The terrible internal situations in Bolivia and Paraguay in addition to the momentum of the imperialistic forces have necessitated the prolongation of the war in the Chaco. The pressure from the masses has become almost too much to resist with the result that their dissatisfaction has had to be canalized against the foreign foe. Here we see two groups of wretched human beings, slaughtering one another instead of their oppressors. Next to Paraguay, Bolivia is the most backward of the South American countries and that is going some. Of its population of about 3,000,000, approximately four-fifths are illiterate. These are composed almost entirely of Indians and half-breeds (mestizas or cheles), who are ruled by a small group of whites, which is divided into two camps for the purpose of swapping jobs from time to time. To keep the workers divided, lines are drawn between the full blooded Indians and themselves. One half of the population is in peonage. The 12 hour day and 7 day week are common. There was a special 36 hour shift in the mines for those, who wanted just a little extra money. Workers are frequently recruited during the fiestas, when they are given plenty to drink on credit, which they must work off. It's the same old story.
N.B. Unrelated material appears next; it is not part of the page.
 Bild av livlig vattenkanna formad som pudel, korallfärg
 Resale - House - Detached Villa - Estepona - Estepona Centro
They can never get out of debt. The peon is compelled to work on a farm without pay but they give him a hut and a patch of land. The labors of the miners and peons are performed on a diet of dried beans and frozen potatoes (they are 12,000 feet above sea level for the most part) and the indispensable cacao leaf producing cocaine poisoning, which they are encouraged to chew. These intolerable conditions brought about uprisings. Fifty thousand Indians revolted in 1927 and fought with their primitive arrows, clubs and slings against their feudal landlords, only to be most cruelly suppressed. Strikes increased in number and with the depression and decline in the price of tin came the closing of the mines, and the wholesale dismissal of public employees. The death rate in 1930 in La Paz, the capital, the lowest in Bolivia, was 28 per thousand and in the Cochabamba district 68. Compare this with 11 and 18 for the United States and Japan respectively.
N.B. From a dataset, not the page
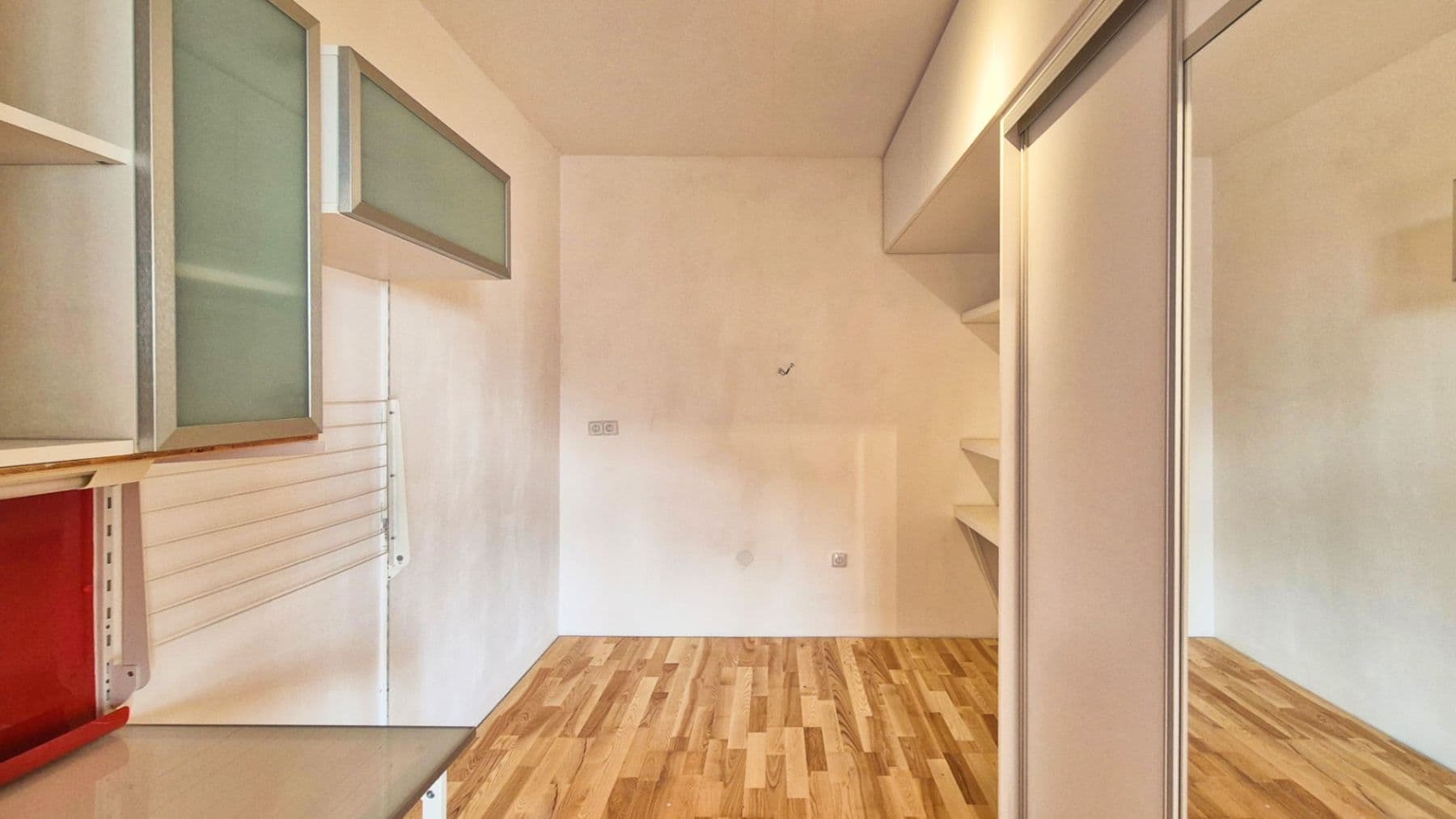 1 bedroom flat to rent, 46 m², T. G. Masaryka, Horoměřice, Středočeský Region 1 bedroom flat to rent, 46 m², T. G. Masaryka, Horoměřice, Středočeský Region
The situation in Paraguay has been rather effectively, if not completely, described by the British Consul (Report on Economics in Paraguay, 1923, Department of Overseas Trade):
"As has been stated elsewhere, with a population of some 850,000, the buying capacity of the country is about the equivalent of that of a United States city of 150,000. The average quality of goods consumed, however, will be very much below that of such a city... Outside the towns (the urban population does not exceed 200,000) living conditions are primitive and the laboring classes, even in Asuncion and other towns have only the strict necessities. It is claimed that a considerable increase in the importation of footwear denotes an improvement in the standard of living. If this is true it is confined to the towns. The country `peon' still wears cheap cotton underclothing and breeches, a woollen `poncho', perhaps even spurs, but is other wise barefoot. Those working in the big industrial establishments are very often perpetually in debt to their employers, do not accumulate wealth, and therefore do not represent purchasing power.
"A similar element forms a considerable portion of the population of Asuncion and other towns. A skilled laborer often earns five to seven shillings per day, an unskilled laborer, two and six pence to three shillings...
"Education is compulsory, but apart from the capital and towns, this is not enforced...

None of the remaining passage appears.